PHOTOGRAPHY 93 TAMPERE

The forgotten Middle Europe returns in Cibulka's photocycles and Klein's performances

The dominance of Anglo-Saxon photography was shaken at Photography 93 Tampere, when Middle-European photography was brought to Tampere. The photographers invited by Photography Centre Nykyaika's Ulrich Haas-Pursiainen, Heinz Cibulka from Austria and Jaschi Klein from Germany, presented photography that was then only known very little in Finland.

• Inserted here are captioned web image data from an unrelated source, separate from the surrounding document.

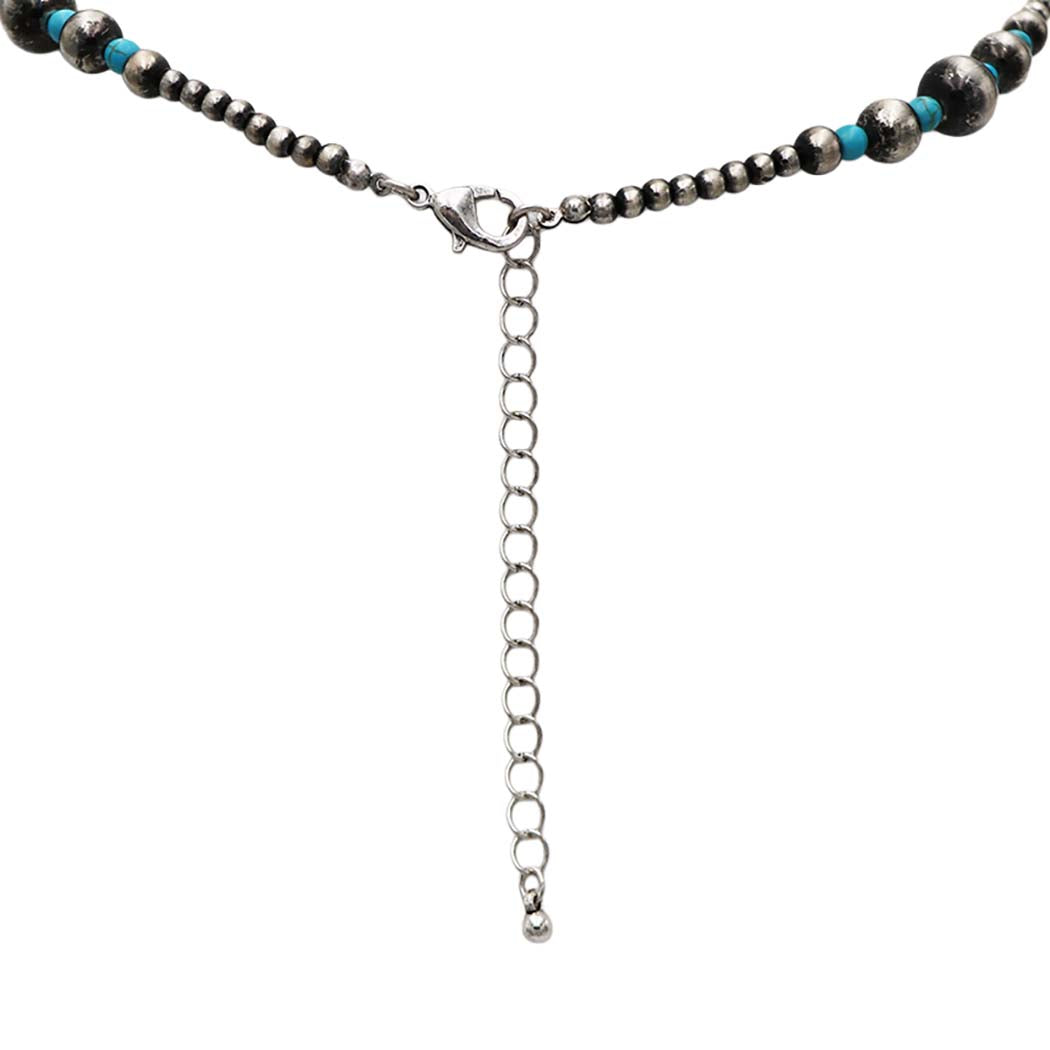 Extra Long Navajo Pearl And Turquoise Howlite Bead Statement Western Layering Strand Necklace, 60-63"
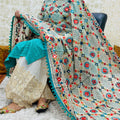 Aqua Chikan Kurti & Zari Mastani Sharara Pom Pom Dupatta Set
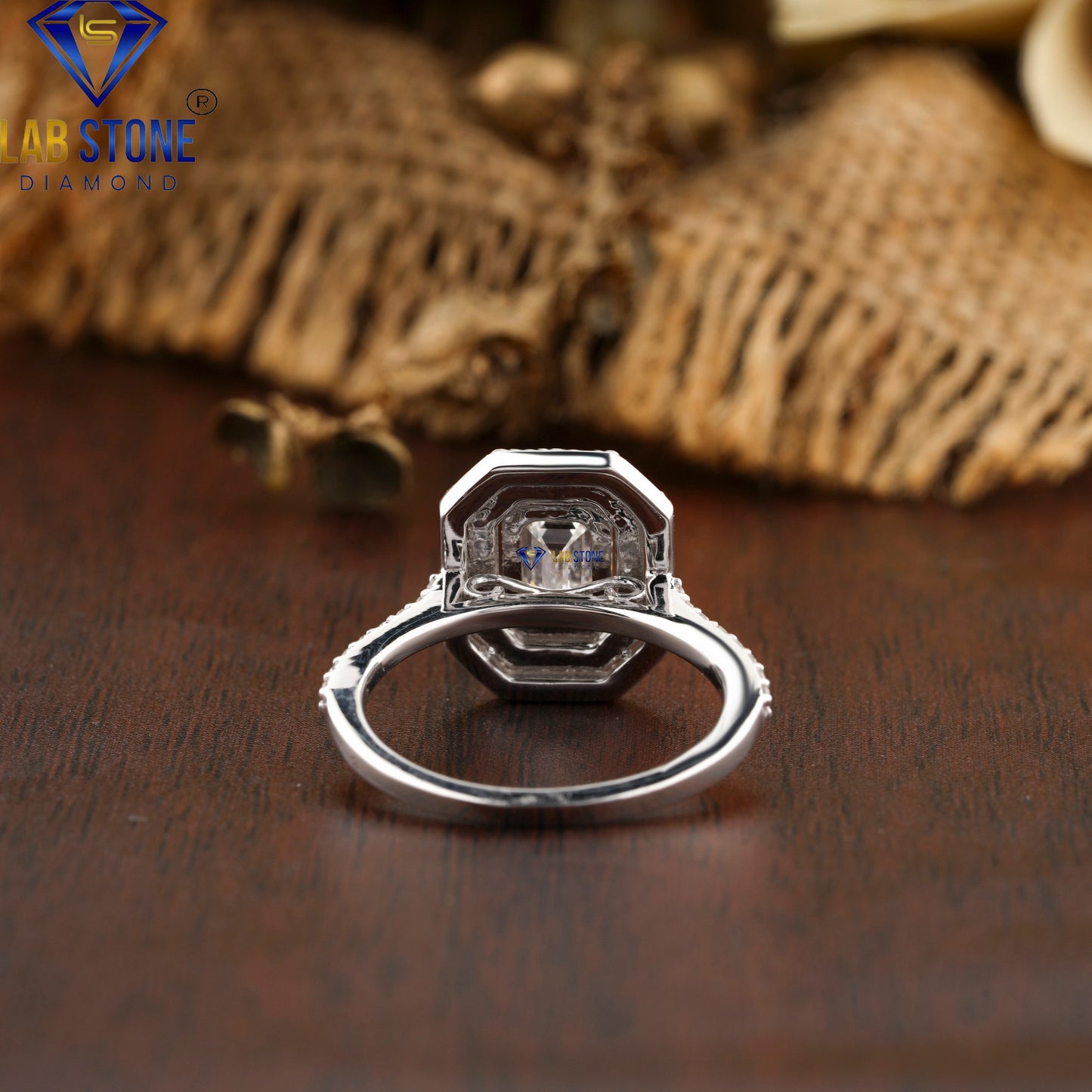 1.47 TDW Emerald & Round Cut Diamond Halo Ring with Band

The works of Cibulka and Klein have been shown in the German-language Camera Austria, which is as an influential and high-quality a publication as is the late British Creative camera and the American Aperture. Heinz Cibulka made a career already in the 70's as a performance artist and a Viennese actionist. Actionists painted in animal blood in performances that Cibulka documented. He investigated the Catholic culture in his photographs. Cibulka's method was to build photocycles of four photgraphs. (Cibulka 1993). He places pictures of slaughtered animals side by side with family photos and religious images. The comparisons are shocking.

Jaschi Klein's photographs do not impress by their shock value but their poetic quality. Klein staged surrealistic visions in his pictures. He first used people as his models and then animals. Klein's photographs of winged horses are mystical and dream-like. How does a white horse make a black shadow? asks Juhani Niiranen, who attended Klein's workshop, in the magazine Valokuva (Finnish Photography) in 1993. Klein answers: "A philosophical question. I want to simplify, to abstract. By abstracting one can make more of reality." (Niiranen 1993.)

Jaschi Klein can be seen as the representative of the subjective school launched by the German Otto Steinert in the 50's. (Eskildsen etc. 1984.) The NAMNAM-seminar that examined Oliviero Toscani's Benetton-photographs completed the concept of European photography. The seminar of Photography 93 called Morality and sacredness appraised the blurring of the boundaries of advertisements, films and documentary. The genres get mixed up and the audience is confused, or is it? Besides advertisements, the magazine COLORS has been developed as a showcase for Toscani's documentary photos. In the magazine the photographs of different artists and agencies are assembled into theme issues about large and topical subjects, like religion, aids and urban life. The pictures do not really form traditional photo-essays; they illustrate global phenomena as picture galleries. (Vanhanen 2002.)